# How to save wood so it's reusable after taking building down



## Moon_Dude89 (Dec 21, 2019)

Hi so I talked to my friend who used to be a carpenter and he said just use screws instead of nails. I'd like to take down a tiny house and build it again somewhere else with out messing up the wood. Maybe there's something you can screw into the wood that a screw would go into so it's not damaging the wood when you take out and put back in the screws. Any ideas? A trailer isn't an option for me because I can't afford it.


----------



## homestd (Aug 24, 2018)

At my age it is so much easier to use screws. I have driven my share of nails and pulled them to reuse the lumber. Years ago, when I was doing form carpentry, we used to drive double head 16s so they would be easier to pull out. Building with 2x lumber, you will probably be using 2 1/2" screws which are a bit of a drive themselves. Be sure to drill pilot holes.


----------



## sunnybob (Sep 3, 2016)

Not sure what you mean, but if you want to take the building down and reassemble the same wood in the same places, just use a magic marker and each time you remove a piece, write matching numbers on the inside faces of both pieces. That gives you correct orientation as well.

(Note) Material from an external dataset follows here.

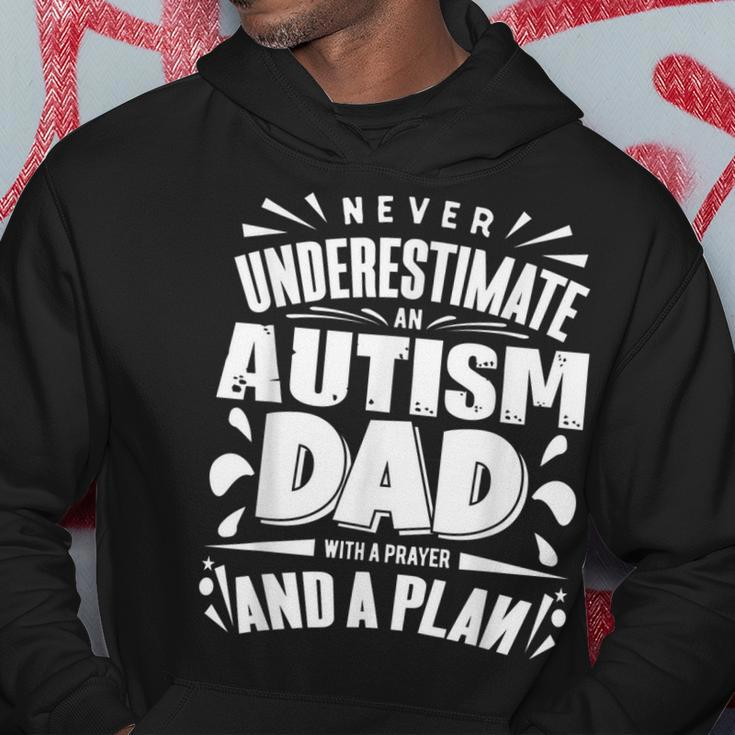 Never Underestimate An Autism Dad Autism Awareness Gift For Mens Hoodie Unique Gifts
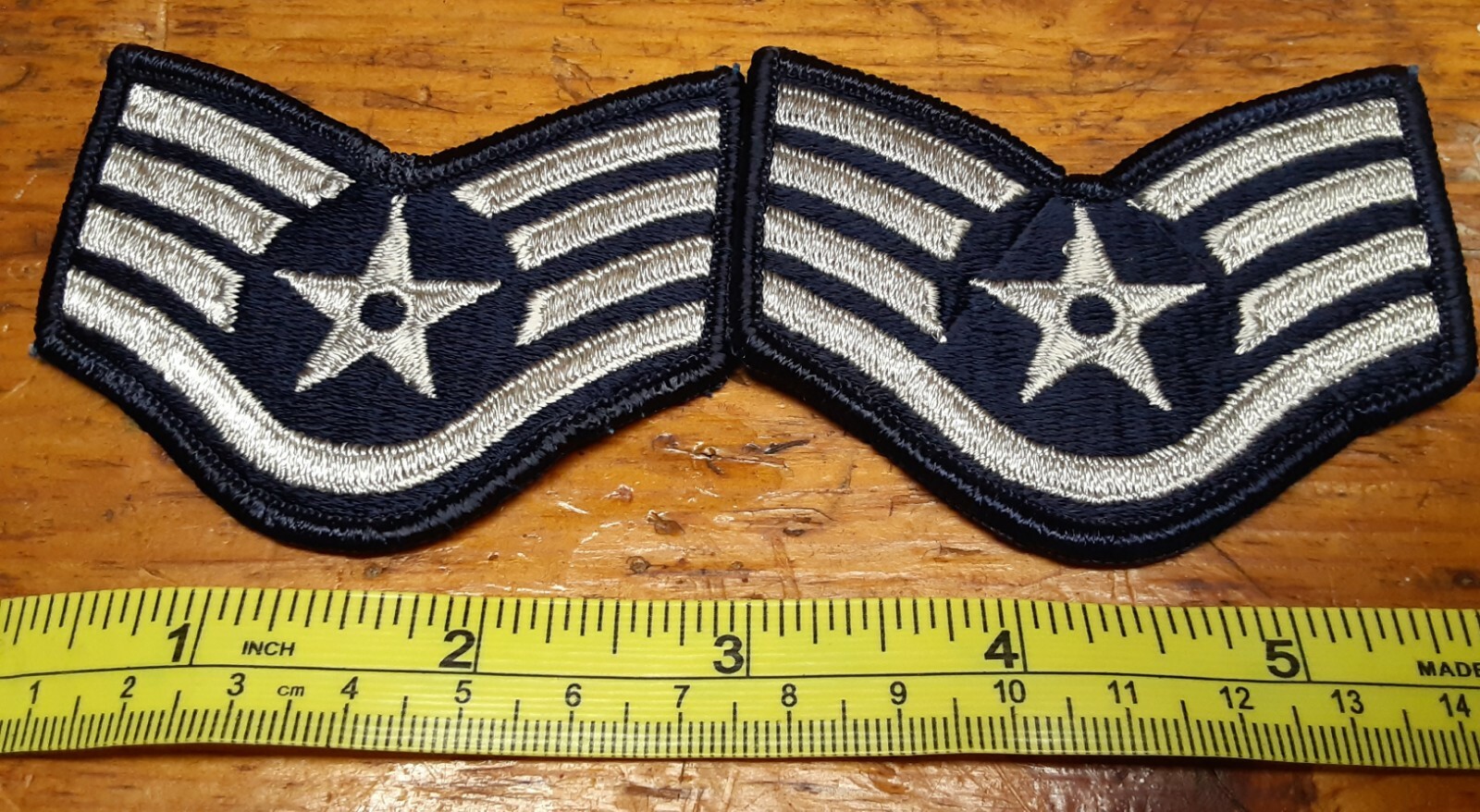 New Air Force USAF Staff Sergeant SSgt Rank Stripes Insignia Blues 3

Once assembled, none of the numbers will be visible.
And lots of pictures as well.


----------



## Alchymist (Jan 2, 2011)

homestd said:


> At my age it is so much easier to use screws. I have driven my share of nails and pulled them to reuse the lumber. Years ago, when I was doing form carpentry, we used to drive double head 16s so they would be easier to pull out. Building with 2x lumber, you will probably be using 2 1/2" screws which are a bit of a drive themselves. Be sure to drill pilot holes.


Driving 2-1/2" screws in construction lumber is a snap - with an impact drill. Just a bit noisy, but it works! And no need to drill pilot holes unless the screws are going into the near end of a piece, which could split. Anywhere else along the 2X it won't split. I use a Porter Cable 20VMAX, but there are others out there. Just consider spending a few extra bucks and get one that is brushless.


----------



## _Ogre (Feb 1, 2013)

homestd really needs to get into the 21st century, now that it's 20% done 
impact drivers really make a difference driving long screws fast


----------



## GeorgeC (Jul 30, 2008)

Moon_Dude89 said:


> Hi so I talked to my friend who used to be a carpenter and he said just use screws instead of nails. I'd like to take down a tiny house and build it again somewhere else with out messing up the wood. Maybe there's something you can screw into the wood that a screw would go into so it's not damaging the wood when you take out and put back in the screws. Any ideas? A trailer isn't an option for me because I can't afford it.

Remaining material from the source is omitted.